China Prostitution Raid
Police conduct a head count of suspects who were detained during a police raid, as part of plans to crackdown on prostitution, at a hotel in Dongguan, Guangdong province, Feb. 9, 2014. Reuters

A major police crackdown is targeting China’s prostitution capital, in the city of Dongguan, located in southern China’s Guangdong province. Over the weekend, more than 300 establishments in what is known as China’s Sin City were raided by police, leading to the arrests of 67 people.
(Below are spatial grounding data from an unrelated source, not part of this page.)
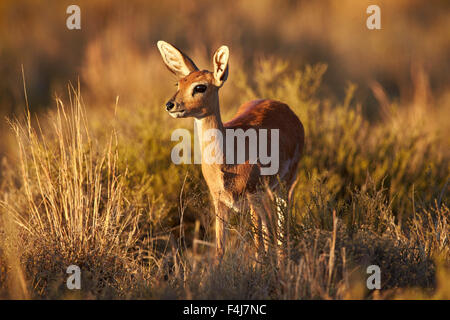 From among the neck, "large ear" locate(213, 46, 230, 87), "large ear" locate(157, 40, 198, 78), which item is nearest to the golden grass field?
the neck

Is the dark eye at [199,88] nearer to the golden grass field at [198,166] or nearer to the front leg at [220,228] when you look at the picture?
the golden grass field at [198,166]

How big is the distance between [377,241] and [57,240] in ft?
7.80

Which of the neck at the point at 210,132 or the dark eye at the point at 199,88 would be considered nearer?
the dark eye at the point at 199,88

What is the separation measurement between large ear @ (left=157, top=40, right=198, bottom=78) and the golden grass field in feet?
2.36

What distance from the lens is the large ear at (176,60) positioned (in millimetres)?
5098

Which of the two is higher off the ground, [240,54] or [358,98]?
[240,54]

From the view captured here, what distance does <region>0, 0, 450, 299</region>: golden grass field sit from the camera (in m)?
4.20

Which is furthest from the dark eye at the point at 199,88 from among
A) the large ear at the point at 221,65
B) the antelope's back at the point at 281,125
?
the antelope's back at the point at 281,125

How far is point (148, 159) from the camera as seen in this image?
22.1 feet

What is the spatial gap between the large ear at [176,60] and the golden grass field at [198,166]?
0.72 metres

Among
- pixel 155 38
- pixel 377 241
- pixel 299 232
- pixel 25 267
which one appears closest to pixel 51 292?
pixel 25 267

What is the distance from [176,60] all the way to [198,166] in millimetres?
1649

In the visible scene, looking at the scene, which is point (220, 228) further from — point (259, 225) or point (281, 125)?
point (281, 125) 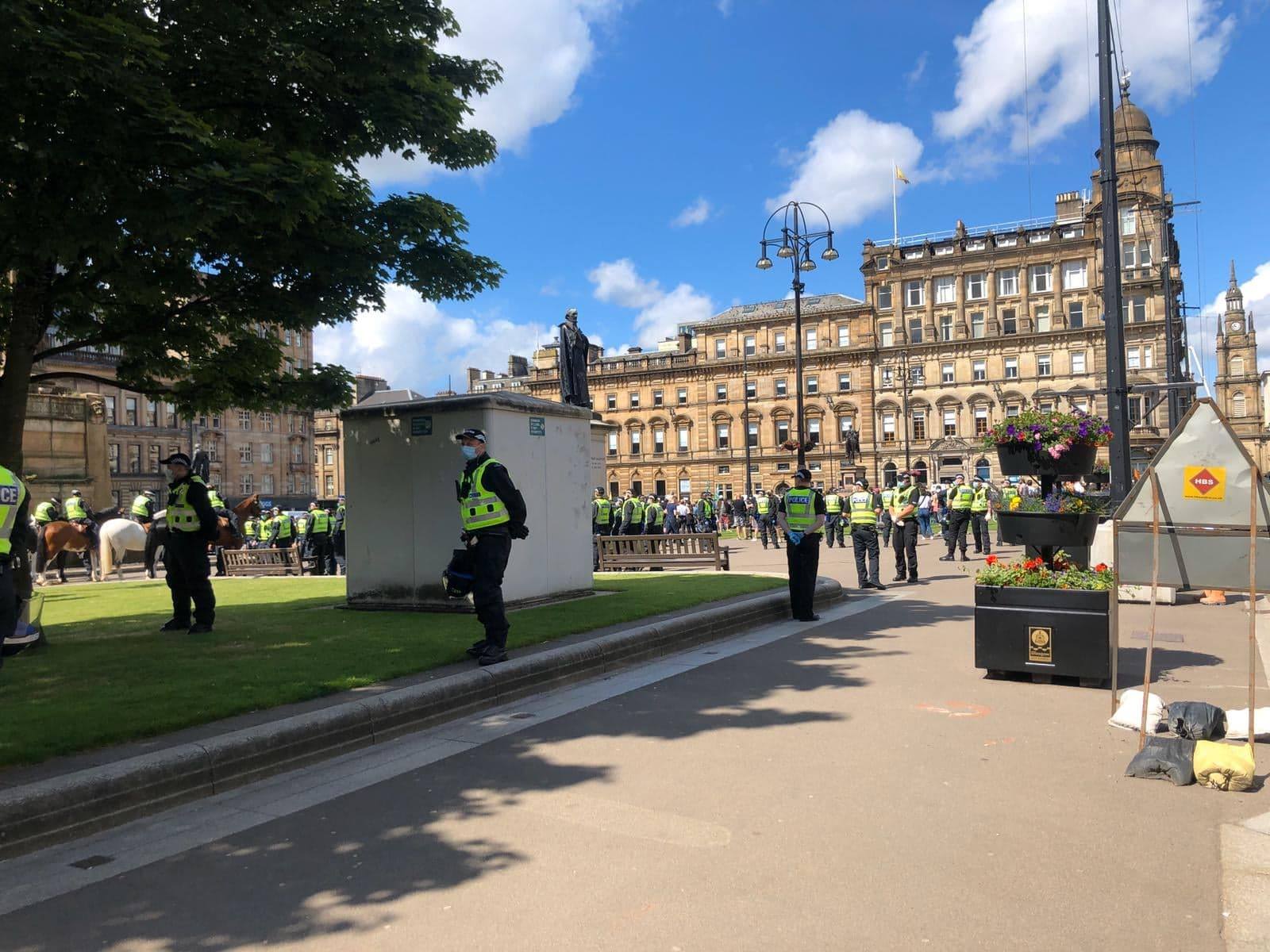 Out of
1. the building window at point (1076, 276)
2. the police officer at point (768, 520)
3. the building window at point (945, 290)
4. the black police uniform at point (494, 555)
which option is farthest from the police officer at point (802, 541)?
the building window at point (945, 290)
Prostitution is rampant in Dongguan, but often masked by businesses operating as karaoke clubs, saunas, massage parlors, and even a few luxury hotels. According to state-run Xinhua News Agency, China’s sex capital has been labeled “under siege” as the government plans to clamp down on the sex industry. On Sunday, Hu Chunhua, Guangdong’s party chief, called for a “thorough investigation and crackdown,” enlisting more than 6,500 police officers in the area as part of a greater effort to do away with sleaze.

The crackdown was prompted by a CCTV news exposé, which showed an undercover journalist looking into so-called “beauty pageants” that feature prostitutes and strippers, held for customers at the aforementioned venues, comparable to ordering them off a menu. “You just lie down there and the lady will serve you all around,” one female manager said in the hidden-camera video. The CCTV report accused the city’s lax leadership of allowing the city to “fall into decay,” and for permitting such an industry to flourish and become what it is today. According to a report by the Telegraph, between 500,000 and 800,000 people have been employed directly or indirectly by Dongguan’s robust sex trade in 2009.

In response to a firestorm of media coverage, Guangdong’s public security ministry vowed to take down the industry with “an iron fist” and investigate claims that officials have been turning a blind eye to local gangs and pimps.

The CCTV story elicited a strong and rapid response from officials, with the first of a series of raids in the area just hours after the report aired. The first target was a hotel, the Ding’an Holiday Hotel, with the detention of 10 suspects, including the hotel’s manager. By Monday morning, less than a day after the report, dozens of arrests were made, in addition to two senior police chiefs being suspended.

Prostitution became illegal after the Communist Party took power in 1949 but has been as an open secret, thriving in boomtowns or factory cities like Dongguan, Shenzhen, and Foshan, all of which have developed a reputation for an underground sex scene.